El accidente, que le produjo múltiples fracturas, la obligó a permanecer en cama por más de un año, tiempo en el que pintaba acostada, tiempo de pérdida de la inocencia, que trastocó su forma de aprehender el mundo. “Yo ya lo sé todo, sin leer y escribir. Hace poco, casi unos días, era una niña y caminaba por un mundo de colores, de formas duras y tangibles. Todo era misterioso y ocultaba algo; descifrar, aprender, me gustaba más que un juego. Si supieras qué terrible es conocer todo súbitamente, como si un relámpago iluminara la tierra. Ahora habito en un planeta doloroso, transparente como el hielo, pero que nada oculta, como si todo lo hubiera aprendido en segundos”, escribió.
En los casi 50 años que vivió la mexicana, sus vínculos eran en ocasiones un refugio o un escape. Fue amante de León Trotski y de varias personas más, que sobre el final de su vida eran en su mayoría mujeres. También disfrutó de los viajes, de ropas hermosas, de reuniones de artistas entre risas y de buenos tragos.
Pero sobre todo, Frida peleó y resistió: pintaba con la mano casi paralizada; pintaba cuando se deprimía porque Diego andaba con otra; pintaba después de que le amputaran la pierna derecha.
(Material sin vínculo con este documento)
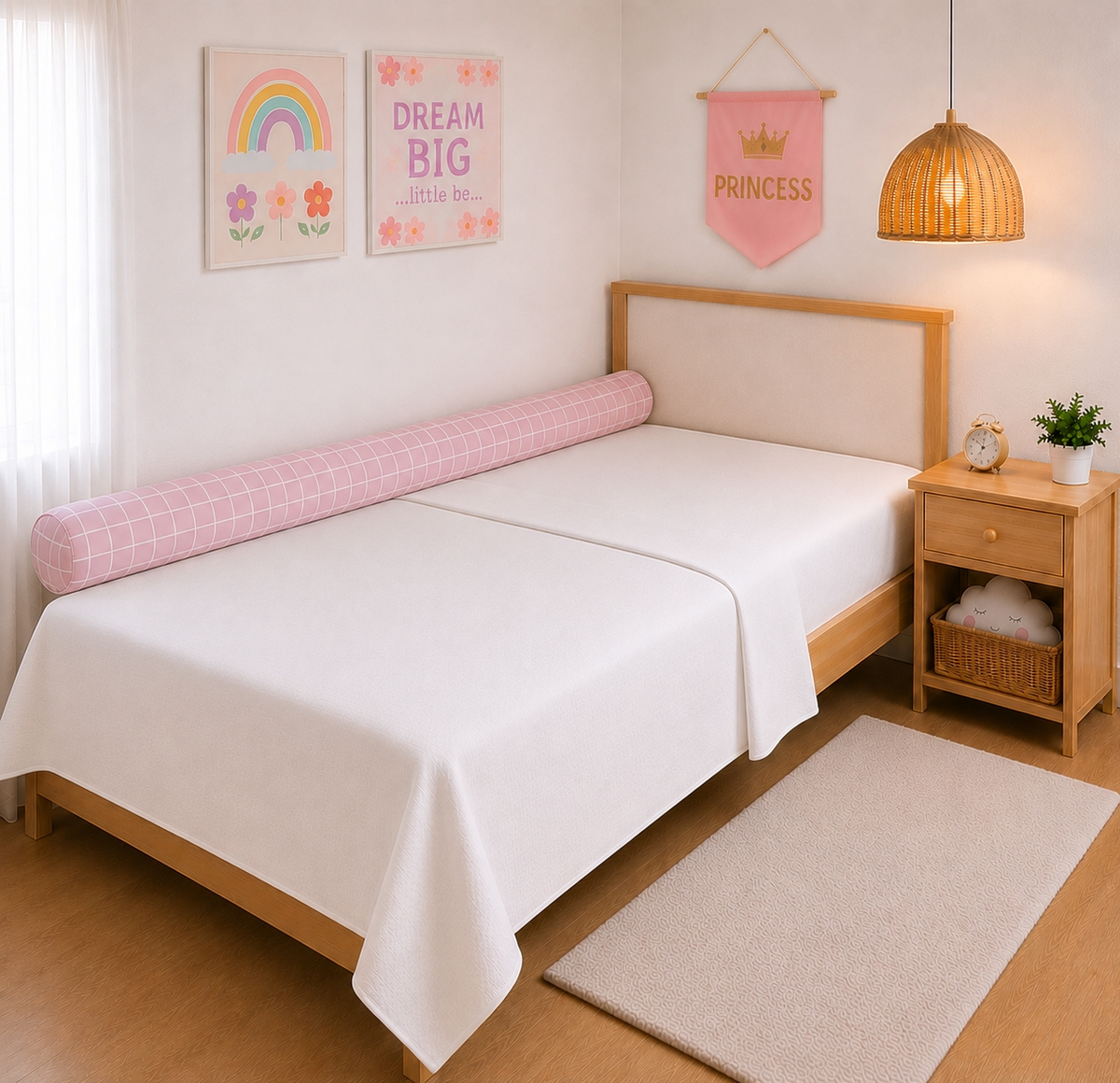 Rolinho Lateral para Cama Solteiro e Casal Grid Rosa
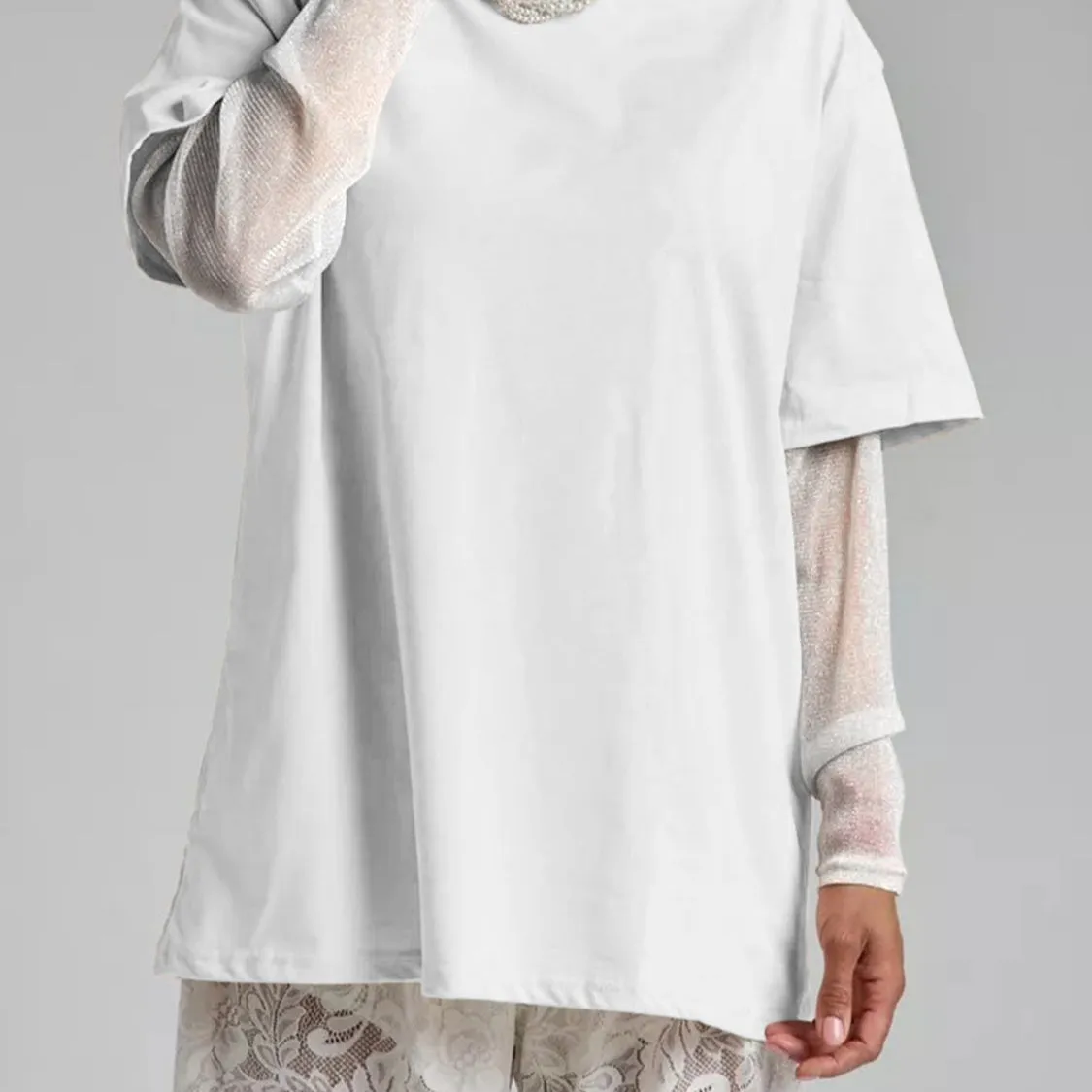 Faux Layered Round Neck Mesh Sleeve Top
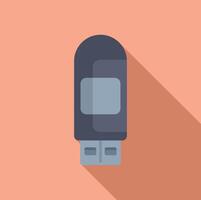 USB flash met wachtwoord icoon vlak vector. telefoon ID kaart werkwijze vector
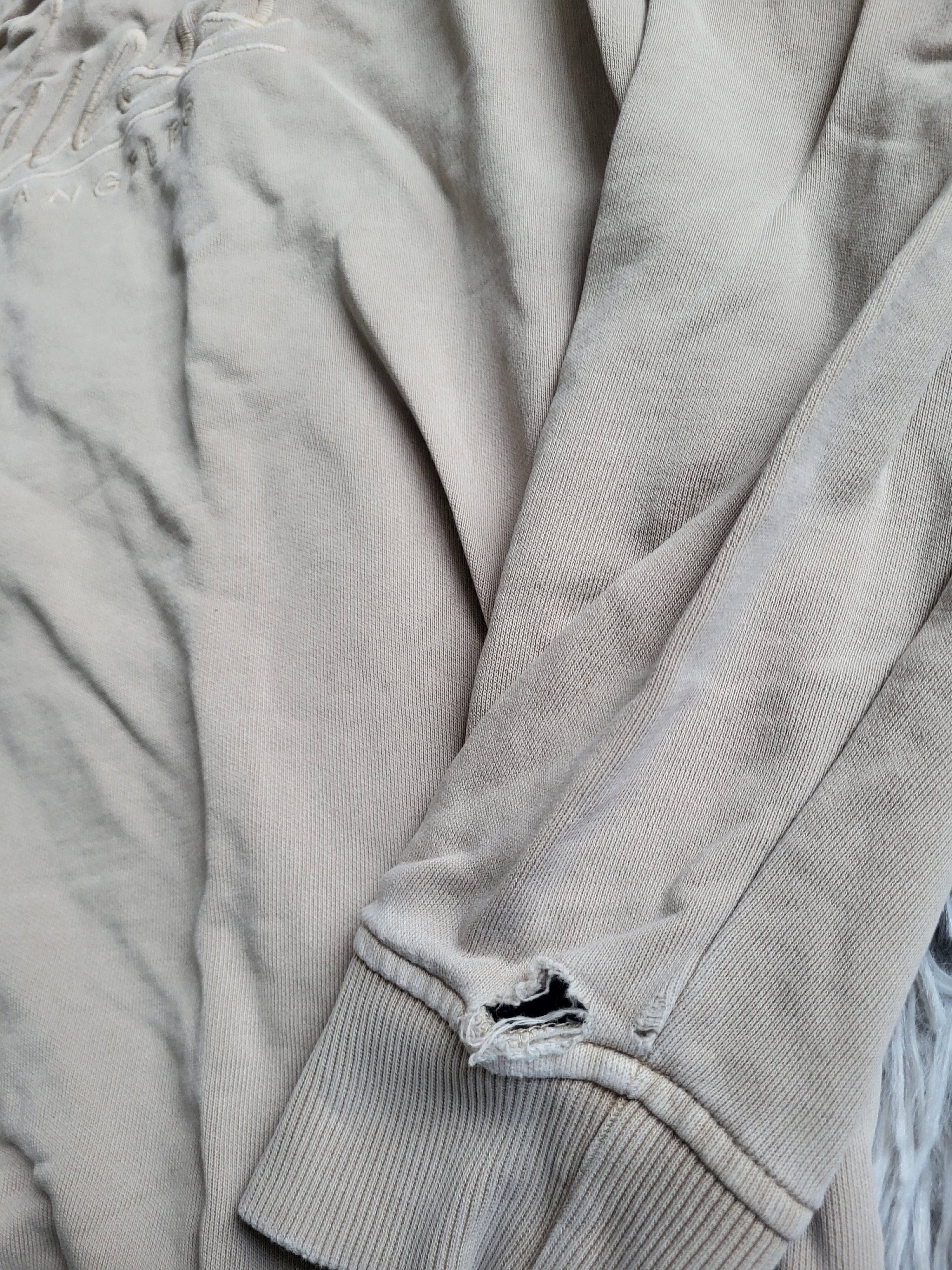 Sweat Guess Beige Sable – 100% Coton – Taille L – Style Distressed / Upcycling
Debido a una cirugía practicada en Nueva York, en la que le fusionaron cuatro vértebras lumbares, le pusieron un injerto de pelvis y una placa de vitalio de 15 cm, Frida terminó dependiente de los calmantes, el demerol y la morfina, para sofocar algo del dolor insoportable.
Frida Kahlo, una biografía reseña el período de los años 40, época en la que dio clases en la Escuela de Artes de Pintura y Escultura de la Secretaría de Educación Pública, lo que dio origen al grupo de Los Fridos, integrado por Fanny Rabel, Arturo García Bustos, Guillermo Monroy y Arturo “El Gëro”, que se mantuvieron fieles a la pintora. Reseña asimismo el período en Estados Unidos junto a Rivera, su estancia en París, donde vivió con Marcel Duchamp, que le facilitó exponer en la galería Renou et Colle. De esos días, Frida recordó: “No podéis imaginaros lo joputas que son esta gente. Se sientan durante horas en los cafés calentando sus hermosos traseros y hablando de esto y aquello. Al día siguiente no tienen nada que comer porque ninguno de ellos trabaja”.
El libro termina con los últimos días de Frida, solitarios y regados de tequila, coñac, brandy y analgésicos. Sobre el final dejó de pintar autorretratos y hacía solo naturalezas muertas. Aunque ya no vivían juntos, Rivera (“Diego, mi padre, mi hijo, mi universo”) la visitaba con frecuencia. Las lecciones que le tocaron a Frida en vida fueron muy duras, por eso ella pudo expresar con todo derecho: “Espero que la salida sea gozosa y espero no volver jamás”.